**Material provided:**
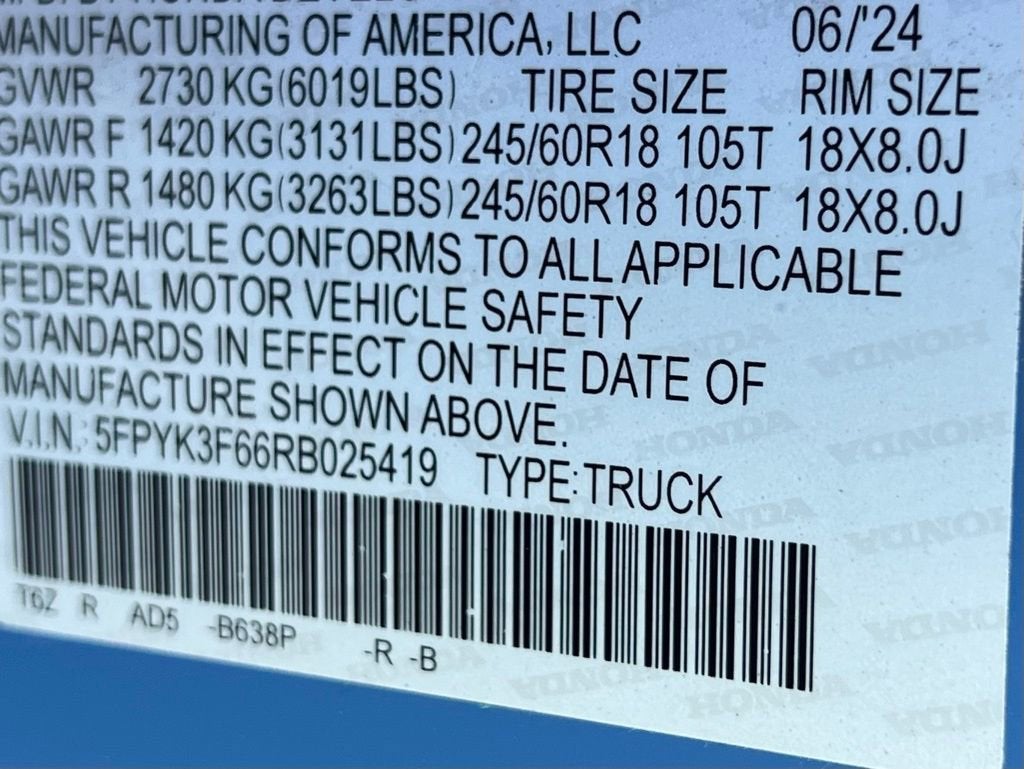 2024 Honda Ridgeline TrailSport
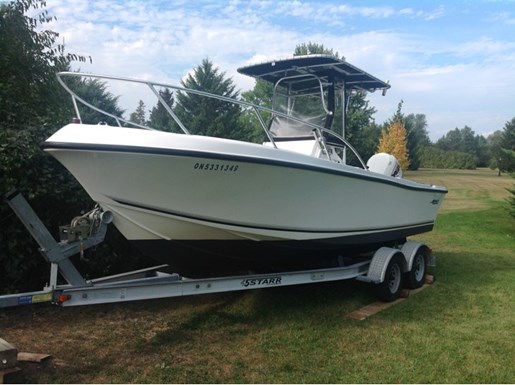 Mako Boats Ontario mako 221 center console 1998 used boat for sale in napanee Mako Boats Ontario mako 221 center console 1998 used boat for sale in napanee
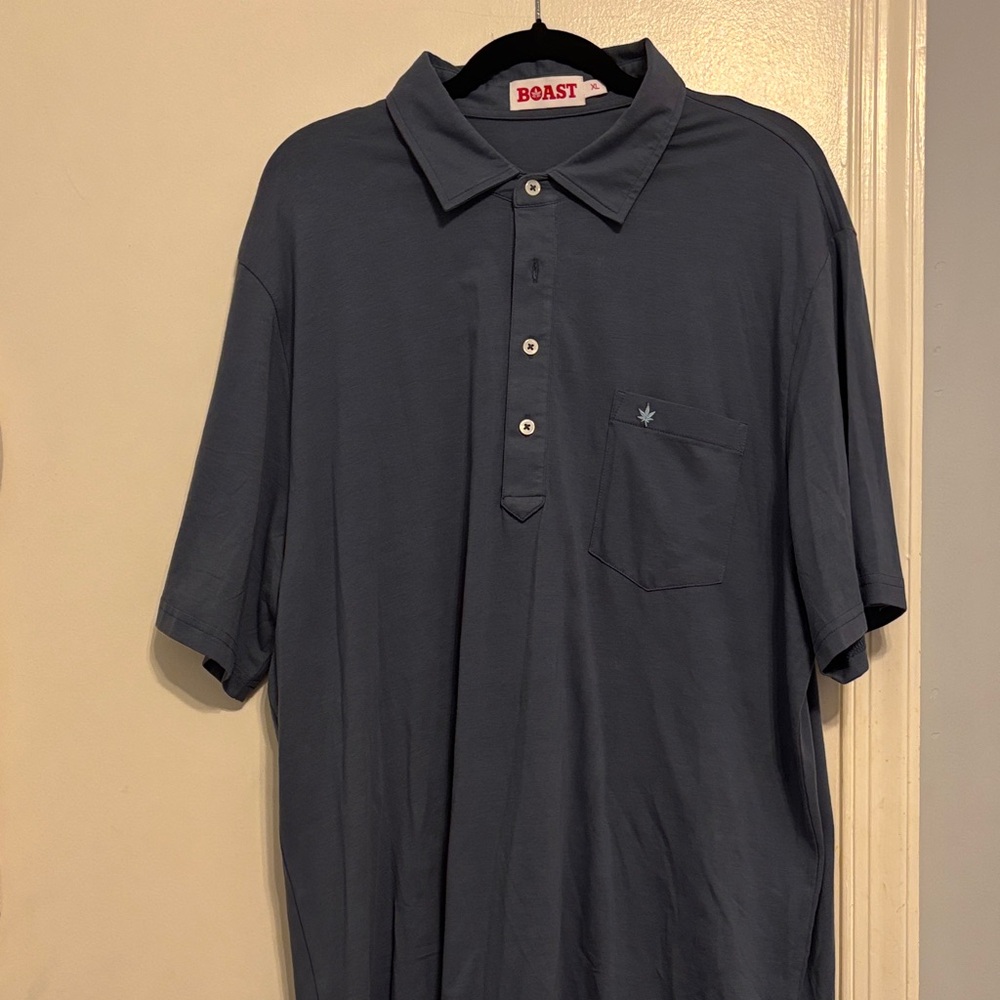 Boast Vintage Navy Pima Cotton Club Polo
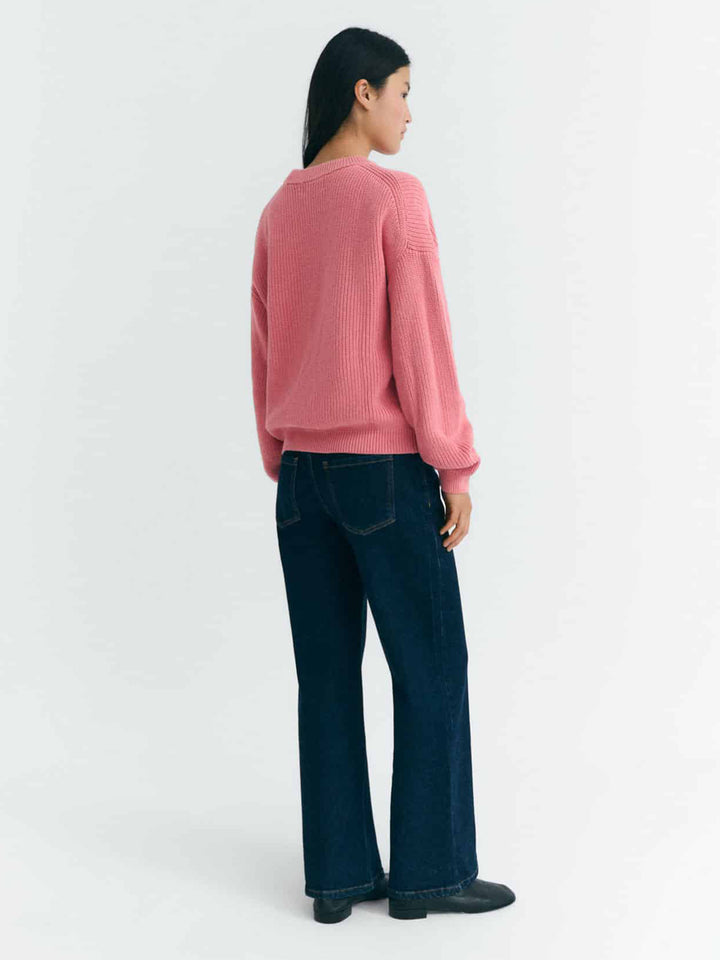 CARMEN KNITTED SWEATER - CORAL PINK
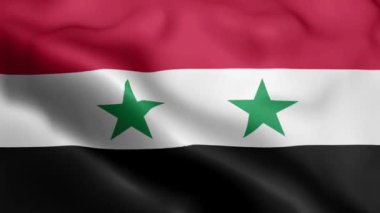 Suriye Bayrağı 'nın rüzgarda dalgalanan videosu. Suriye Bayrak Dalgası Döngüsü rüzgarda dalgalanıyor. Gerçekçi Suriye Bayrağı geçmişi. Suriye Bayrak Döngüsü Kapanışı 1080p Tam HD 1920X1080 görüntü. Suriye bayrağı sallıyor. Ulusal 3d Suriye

**Exercise prompt:** Begin with the line holding "Boast Vintage Navy Pima Cotton Club Polo" and end with the last line of the listing. Reproduce each of those lines exactly, and leave every picture out.

**Result of this task:**
 Boast Vintage Navy Pima Cotton Club Polo
 CARMEN KNITTED SWEATER - CORAL PINK
 Suriye Bayrağı 'nın rüzgarda dalgalanan videosu. Suriye Bayrak Dalgası Döngüsü rüzgarda dalgalanıyor. Gerçekçi Suriye Bayrağı geçmişi. Suriye Bayrak Döngüsü Kapanışı 1080p Tam HD 1920X1080 görüntü. Suriye bayrağı sallıyor. Ulusal 3d Suriye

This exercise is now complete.